Escena de cine. Algunos estarían, en esa acompasada reverencia, diciendo para
sus adentros lo que mi madre decía cuando algo no le cuadraba: “Que sí, Madrid”
(haré lo que quiera; si has dicho que pida un choco, comeré un pedazo de
hamburguesa; si has dicho que veamos el patrimonio, veremos escaparates).
Tomamos la ciudad, nos
mimetizamos con el paisanaje. La profa y el profe circularon por la Concepción,
por la Catedral (carraspeo, ¡uy con la catedral!, pero cada uno tiene lo que
quiere o puede, y no hay que meterse en casa ajena –en este momento nos pegamos
un tironcillo de orejas, más cuando el obispo Santiago es cordobés [confiamos
en que no leerá esta bitácora, aunque el mundo, como ya hemos visto, es un
pañuelo]-).
Un heladito que compramos –que no
resultó ser la delicia esperada para nuestro paladar, pero sobre gustos ya se
sabe- nos sirvió para recibir a la formal muchachada bajo el enorme ficus en la
plaza de marras. Puntuales (valores geográficos aprehendidos). Nos subimos
paseando con la tranquilidad de que estaba toda la cuadrilla enjaretada (la
profa María José por momentos cambió de color a un rosáceo que manifestaba que
la sangre le llegaba a la cabeza y que respiraba en una clara manifestación de
instinto maternal de ver que llevaba como mamá-pata a todos sus patitos/as
detrás).
Antonio, nuestro capitán, llegó
clavado. Ni los británicos que recorrieron estas calles fueron tan suizos. Un
clavo. Camino del camping, haciendo planes para la soleada tarde que nos
pertenecía. A la llegada, el cuaderno de campo comenzó a ser tomado en serio al
saber que mañana era pasaporte para la gloria. O entregas o nos atenemos a las
(nefastas) consecuencias. Un grupete no podía venir a Huelva y no echar una
pachanga futbolera, haciendo honores en el origen del deporte rey –eran ingleses,
escoceses, galeses y norirlandeses los que se dejaron caer por aquí- a tan
insigne tierra y mestizaje cultural. Un balón pagado en prorrateo en un chino
de Huelva nos sirvió para jugar en una playa ventosa en la que podían más las
ganas que la ventisca, vendaval por momentos.
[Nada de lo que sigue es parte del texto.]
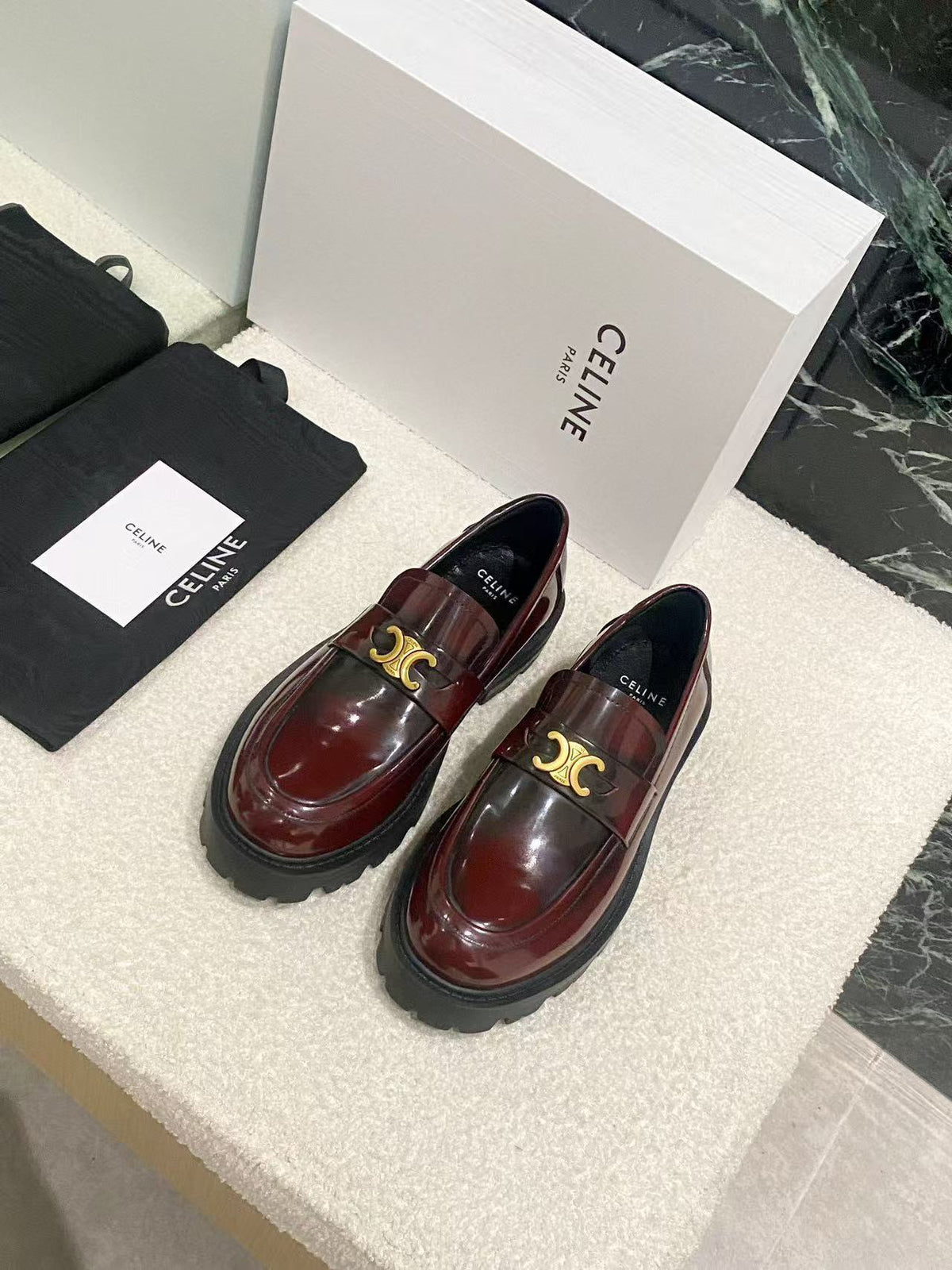 CELINE Chain Tassel Leather Loafers | 3.5cm Heel | Red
Cenamos (patatas, filetes de
cerdo, salpicón, ensalada, pescada), y la fiestuqui que íbamos a hacer pasó a
mejor vida por culpa del frío eólico que nos dejó ateridos. Aquí el baile y el
cante pudo menos que el balón del chino. Cada mochuelo a su olivo, cabañas
cerraditas, calentitas (con la charla de fondo, todo de madera, y el viento
soplando que me tiene las manos engurruñidas, más parece esto un cruce de
calles –placita campista- del centro de Farnboroug o de Nottingham, con los
pubs todavía bullangueros), y la satisfacción de tenerlos todos/as a cobijo
sabiendo que están disfrutado como enanos –dicho por ellos/as-, vamos a cerrar
el quiosco por hoy. Mañana será otro día. Plan cumplido. La penilla se adueña
de los corazones. Esto se acaba. A lo lejos, hora de Cenicienta hace rato
franqueada, las luces se traslucen por las cortinillas de los cubículos. El céfiro atlántico, en
la oscura noche gélida, ruge ffffffufffff, ffffffuffffff, fffffffufffff.